| WHAT THE TASK ASKS |
Report only the number of lines in the following entries where the word "White" occurs.

| INFORMATION SHOWN |
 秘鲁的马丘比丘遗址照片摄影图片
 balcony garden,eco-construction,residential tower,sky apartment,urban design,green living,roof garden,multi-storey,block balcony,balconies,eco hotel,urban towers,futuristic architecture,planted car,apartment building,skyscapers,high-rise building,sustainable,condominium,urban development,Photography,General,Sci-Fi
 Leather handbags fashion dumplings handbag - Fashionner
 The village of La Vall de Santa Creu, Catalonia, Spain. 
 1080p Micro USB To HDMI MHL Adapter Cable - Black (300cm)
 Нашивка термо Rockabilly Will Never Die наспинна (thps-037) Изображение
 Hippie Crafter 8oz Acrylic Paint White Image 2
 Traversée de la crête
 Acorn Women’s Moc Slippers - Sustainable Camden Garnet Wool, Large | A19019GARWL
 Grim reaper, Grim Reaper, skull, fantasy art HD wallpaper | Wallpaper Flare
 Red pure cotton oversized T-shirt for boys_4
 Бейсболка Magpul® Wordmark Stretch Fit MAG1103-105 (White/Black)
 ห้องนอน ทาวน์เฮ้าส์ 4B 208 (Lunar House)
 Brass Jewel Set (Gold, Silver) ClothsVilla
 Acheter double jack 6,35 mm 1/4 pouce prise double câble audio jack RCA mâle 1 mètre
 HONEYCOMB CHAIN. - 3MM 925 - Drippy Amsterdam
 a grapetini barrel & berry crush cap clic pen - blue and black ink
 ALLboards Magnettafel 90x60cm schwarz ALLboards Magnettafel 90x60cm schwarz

| SOLUTION TO THE EXERCISE |
2